Mais ce n’est qu’après avoir refondu l’ouvrage avec génie qu’il faudra revoir les détails avec scrupule. Je me flatte d’autant plus qu’il l’embellira que je vois des choses dans le second chant qui me paraissent devoir lui servir de modèle pour tout le reste.

Qu’il ne dise point, comme dans le quatrième chant, qu’il ne veut pas imiter Sannazar[1]. Ce poëte italien défigura son ouvrage, médiocre d’ailleurs, par des fictions indécentes et puériles ; et je propose à M. Racine de se rendre très supérieur à Sannazar, en embellissant son poëme par des images nobles et intéressantes.

Non satis est pulchra esse poemata ; dulcia sunto[2].

Moins les raisonneurs sont convaincants, plus on a besoin de séduire par les grâces du discours ; par exemple, voici, page 130, un argument proposé en vers didactiques :

Quand votre Dieu pour vous n’aurait qu’indifférence[3],
Pourrait-il, oubliant sa gloire qu’on offense,
Permettre à cette erreur, qu’il semble autoriser,
D’abuser de son nom pour nous tyranniser ?

On sent combien cet argument est faux : car Dieu permet que les hommes soient trompés par le mahométisme, dont les préceptes sont extrêmement sévères, puisqu’ils ordonnent la prière cinq fois par jour, la plus rigoureuse abstinence, l’aumône du dixième de son bien, sous peine de damnation. Jésus-Christ permet encore que les hommes soient trompés dans la plus belle partie de la terre, depuis près de trois mille ans, par l’admirable et austère morale de Confucius. Ainsi un argument si faux, présenté si sèchement, est capable de faire un grand tort au fond de l’ouvrage.

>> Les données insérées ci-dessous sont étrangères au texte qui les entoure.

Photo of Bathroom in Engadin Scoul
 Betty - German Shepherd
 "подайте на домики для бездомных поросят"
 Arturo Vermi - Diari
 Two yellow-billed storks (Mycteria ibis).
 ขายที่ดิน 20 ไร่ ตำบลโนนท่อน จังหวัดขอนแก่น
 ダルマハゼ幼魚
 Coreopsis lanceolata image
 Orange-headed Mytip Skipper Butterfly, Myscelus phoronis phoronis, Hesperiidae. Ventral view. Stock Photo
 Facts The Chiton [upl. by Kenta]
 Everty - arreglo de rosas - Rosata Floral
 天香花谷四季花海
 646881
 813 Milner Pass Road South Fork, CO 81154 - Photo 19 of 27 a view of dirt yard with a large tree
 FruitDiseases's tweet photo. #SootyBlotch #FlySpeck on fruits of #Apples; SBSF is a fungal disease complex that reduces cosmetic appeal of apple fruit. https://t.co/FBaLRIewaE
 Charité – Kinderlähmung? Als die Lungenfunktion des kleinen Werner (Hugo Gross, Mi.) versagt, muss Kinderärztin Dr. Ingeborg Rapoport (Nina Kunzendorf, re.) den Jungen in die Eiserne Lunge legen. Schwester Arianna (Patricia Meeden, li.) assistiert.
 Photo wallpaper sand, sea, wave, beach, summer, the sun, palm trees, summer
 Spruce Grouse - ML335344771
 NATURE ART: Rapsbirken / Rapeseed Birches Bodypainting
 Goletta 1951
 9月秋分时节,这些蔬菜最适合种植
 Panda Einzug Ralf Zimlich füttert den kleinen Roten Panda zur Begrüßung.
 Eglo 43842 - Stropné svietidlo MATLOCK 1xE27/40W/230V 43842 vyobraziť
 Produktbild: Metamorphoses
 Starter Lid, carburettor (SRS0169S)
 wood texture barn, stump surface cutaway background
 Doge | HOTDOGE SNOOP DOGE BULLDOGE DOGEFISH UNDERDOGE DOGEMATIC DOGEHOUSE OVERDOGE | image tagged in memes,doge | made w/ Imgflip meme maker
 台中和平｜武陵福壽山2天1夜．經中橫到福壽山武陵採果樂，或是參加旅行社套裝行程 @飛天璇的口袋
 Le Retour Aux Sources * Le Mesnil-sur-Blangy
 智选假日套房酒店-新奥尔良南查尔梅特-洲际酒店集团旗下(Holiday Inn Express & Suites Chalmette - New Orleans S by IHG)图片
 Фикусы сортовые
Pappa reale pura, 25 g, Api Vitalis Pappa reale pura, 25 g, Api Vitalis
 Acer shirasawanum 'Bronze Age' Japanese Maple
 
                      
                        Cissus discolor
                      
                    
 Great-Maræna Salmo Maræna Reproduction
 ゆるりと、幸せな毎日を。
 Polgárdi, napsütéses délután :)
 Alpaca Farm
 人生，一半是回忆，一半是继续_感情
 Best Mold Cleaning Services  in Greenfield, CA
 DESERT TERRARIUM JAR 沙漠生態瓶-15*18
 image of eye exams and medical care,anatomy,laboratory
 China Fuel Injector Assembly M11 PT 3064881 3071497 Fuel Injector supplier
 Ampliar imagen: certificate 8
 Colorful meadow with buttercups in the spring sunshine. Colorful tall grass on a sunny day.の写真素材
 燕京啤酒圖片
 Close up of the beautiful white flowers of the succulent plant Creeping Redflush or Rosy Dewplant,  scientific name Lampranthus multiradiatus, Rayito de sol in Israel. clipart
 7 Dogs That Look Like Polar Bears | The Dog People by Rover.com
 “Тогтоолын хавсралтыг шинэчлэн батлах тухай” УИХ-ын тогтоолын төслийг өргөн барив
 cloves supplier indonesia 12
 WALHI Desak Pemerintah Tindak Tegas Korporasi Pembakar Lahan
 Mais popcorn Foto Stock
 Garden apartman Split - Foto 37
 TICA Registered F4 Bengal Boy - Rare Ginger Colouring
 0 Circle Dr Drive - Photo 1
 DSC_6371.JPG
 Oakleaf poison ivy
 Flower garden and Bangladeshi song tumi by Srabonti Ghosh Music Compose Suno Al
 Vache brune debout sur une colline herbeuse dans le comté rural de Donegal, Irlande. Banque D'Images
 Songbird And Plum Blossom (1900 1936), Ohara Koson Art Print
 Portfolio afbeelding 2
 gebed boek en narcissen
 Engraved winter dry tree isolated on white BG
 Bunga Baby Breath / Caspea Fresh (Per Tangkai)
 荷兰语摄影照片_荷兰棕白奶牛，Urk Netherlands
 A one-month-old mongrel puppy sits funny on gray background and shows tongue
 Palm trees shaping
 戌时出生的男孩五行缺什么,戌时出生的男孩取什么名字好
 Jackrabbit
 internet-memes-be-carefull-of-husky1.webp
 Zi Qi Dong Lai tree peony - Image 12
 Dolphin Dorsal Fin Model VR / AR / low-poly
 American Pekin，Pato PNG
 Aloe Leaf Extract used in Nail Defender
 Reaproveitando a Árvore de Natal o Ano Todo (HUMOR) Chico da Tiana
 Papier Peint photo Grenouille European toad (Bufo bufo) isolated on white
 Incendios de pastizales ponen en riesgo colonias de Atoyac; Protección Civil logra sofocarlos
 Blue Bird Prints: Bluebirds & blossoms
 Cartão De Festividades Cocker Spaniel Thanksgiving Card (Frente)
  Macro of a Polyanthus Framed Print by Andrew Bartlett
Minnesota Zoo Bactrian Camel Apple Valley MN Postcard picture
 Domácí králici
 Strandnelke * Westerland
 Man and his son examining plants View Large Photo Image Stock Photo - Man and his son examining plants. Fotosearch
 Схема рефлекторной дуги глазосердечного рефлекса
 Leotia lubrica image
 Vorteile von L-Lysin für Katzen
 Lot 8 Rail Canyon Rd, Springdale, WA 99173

Il y en a malheureusement quelques-uns de ce genre ; je conseillerais donc, encore une fois, à l’estimable auteur d’argumenter moins et d’embellir davantage. Pourquoi dire qu’il y a plus de chrétiens que de musulmans sur la terre ? On sait que le

  1. C’est le texte de l’édition originale. Les autres éditions portent : qu’il veut, ce qui est une faute. Racine, IV, 19, dit :

    Je laisse à Sannazar son audace profane. (B.)

  2. Horace, Art poétique, 99.
  3. Chant V, vers 381-84.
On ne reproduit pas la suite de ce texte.